*PROMPT*
Taking the line with "There are two" as the first and the line with "You should have" as the last, set down the lines below exactly, pictures excluded.

━━━ DATA PROVIDED

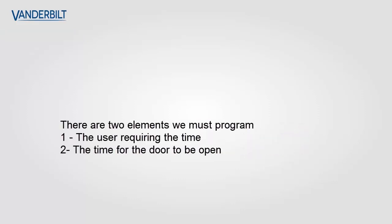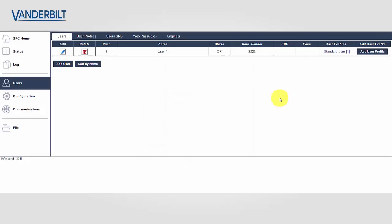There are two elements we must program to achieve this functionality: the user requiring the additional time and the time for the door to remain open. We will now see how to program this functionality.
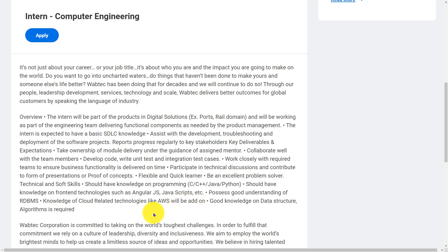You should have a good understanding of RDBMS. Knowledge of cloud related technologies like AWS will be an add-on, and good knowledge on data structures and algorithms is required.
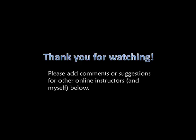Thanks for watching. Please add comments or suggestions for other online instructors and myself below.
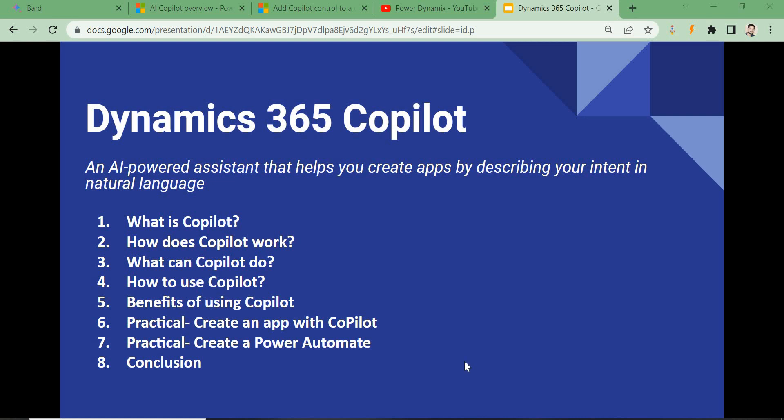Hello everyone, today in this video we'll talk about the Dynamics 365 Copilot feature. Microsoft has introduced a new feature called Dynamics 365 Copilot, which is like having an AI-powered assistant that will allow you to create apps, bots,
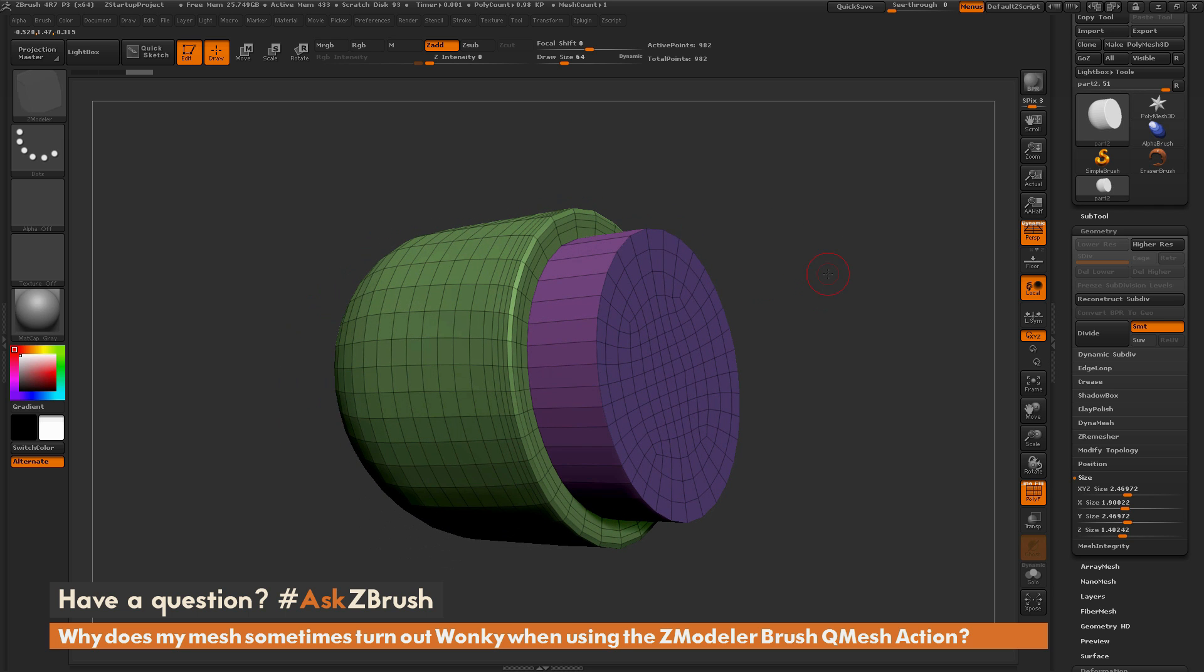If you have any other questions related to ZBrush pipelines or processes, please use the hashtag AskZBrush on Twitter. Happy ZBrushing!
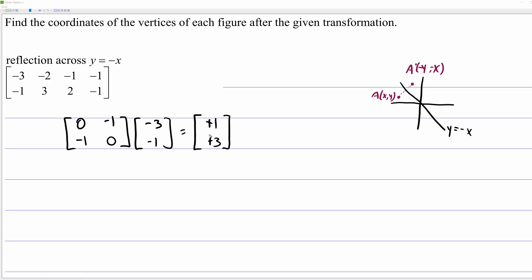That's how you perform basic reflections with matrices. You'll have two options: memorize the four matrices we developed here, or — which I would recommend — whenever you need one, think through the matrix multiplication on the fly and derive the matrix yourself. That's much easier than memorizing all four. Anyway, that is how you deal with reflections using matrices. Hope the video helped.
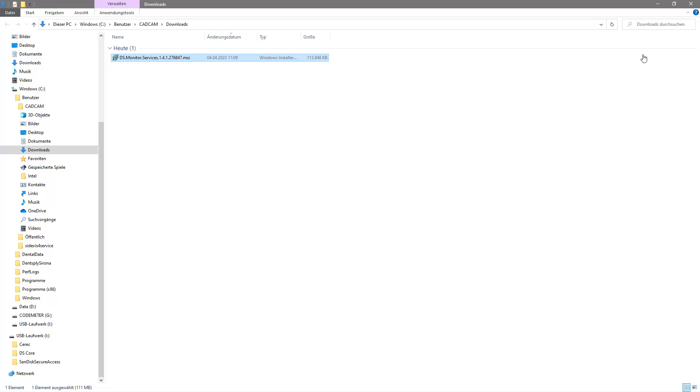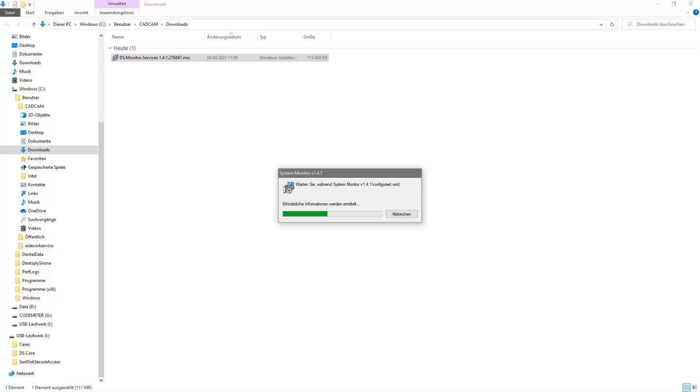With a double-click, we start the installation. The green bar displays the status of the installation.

━━━━━━
━━━ DATA PROVIDED

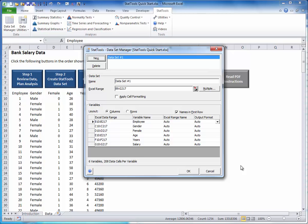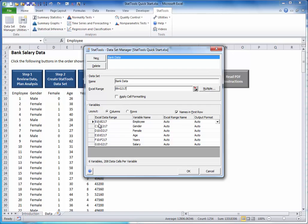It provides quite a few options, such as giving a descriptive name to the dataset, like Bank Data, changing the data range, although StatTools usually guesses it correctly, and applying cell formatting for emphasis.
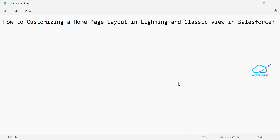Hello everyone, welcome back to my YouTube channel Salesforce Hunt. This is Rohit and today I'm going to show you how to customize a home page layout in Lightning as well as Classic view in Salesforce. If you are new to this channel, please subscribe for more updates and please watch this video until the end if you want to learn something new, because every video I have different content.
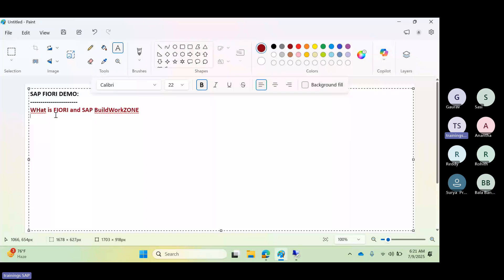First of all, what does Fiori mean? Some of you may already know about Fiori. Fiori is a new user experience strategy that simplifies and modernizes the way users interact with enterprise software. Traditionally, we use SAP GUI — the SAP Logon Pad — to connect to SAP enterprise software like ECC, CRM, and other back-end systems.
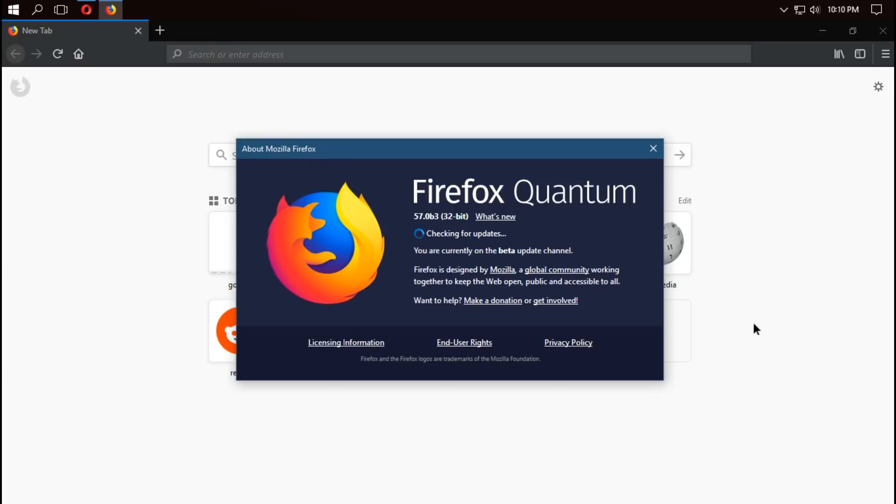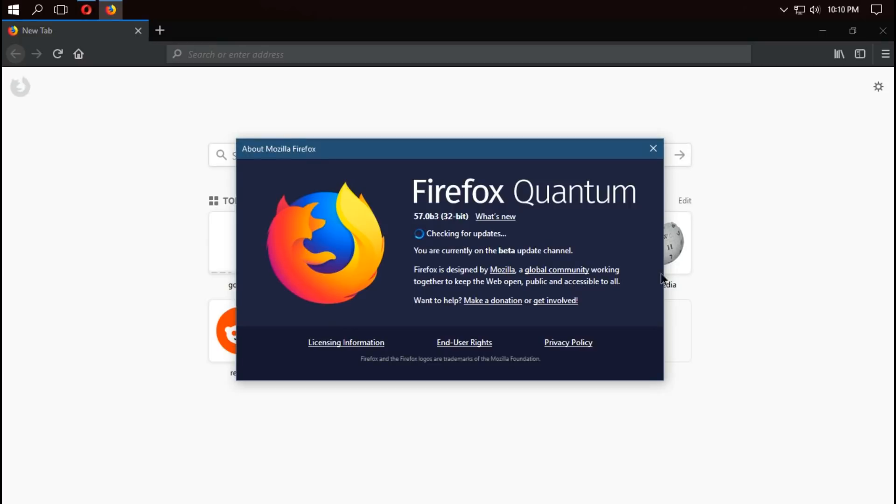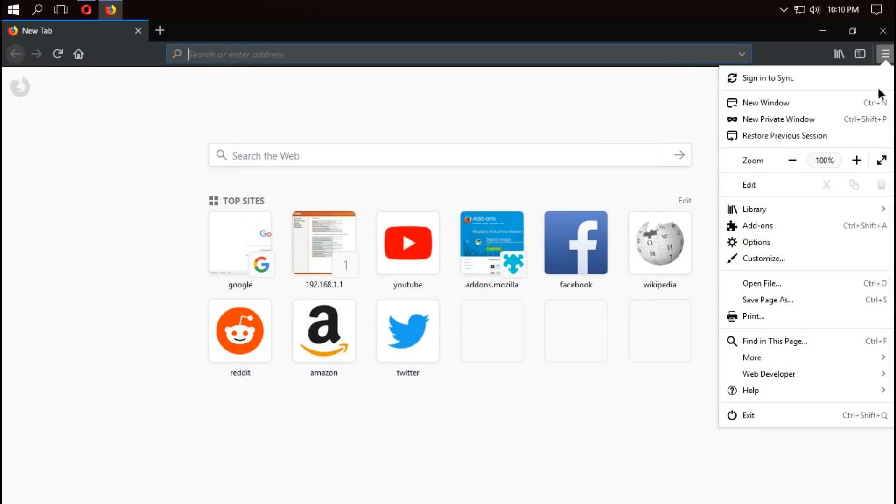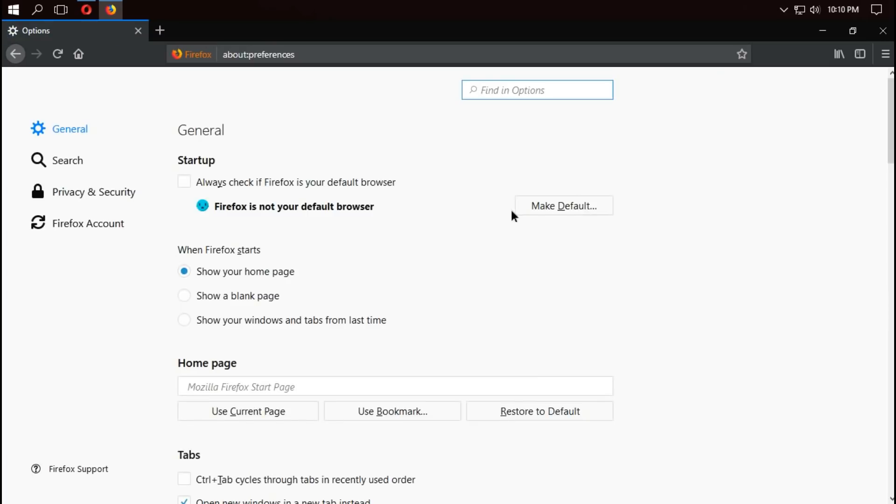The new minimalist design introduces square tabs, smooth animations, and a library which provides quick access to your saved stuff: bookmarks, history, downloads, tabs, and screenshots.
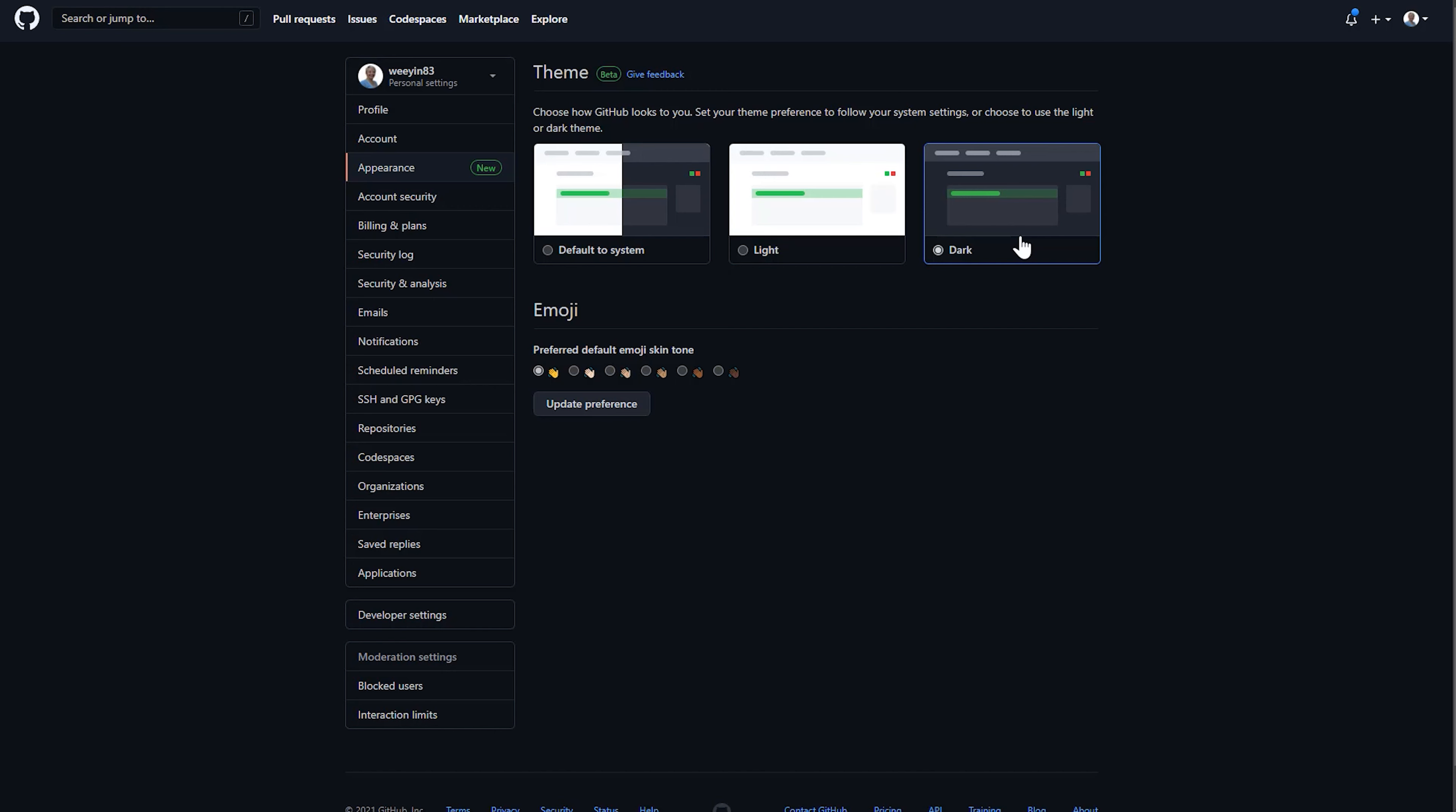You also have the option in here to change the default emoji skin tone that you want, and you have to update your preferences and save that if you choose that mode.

━━━━━━

*RESPONSE FOR THIS EXERCISE*
There are two elements we must program to achieve this functionality: the user requiring the additional time and the time for the door to remain open. We will now see how to program this functionality.
You should have a good understanding of RDBMS. Knowledge of cloud related technologies like AWS will be an add-on, and good knowledge on data structures and algorithms is required.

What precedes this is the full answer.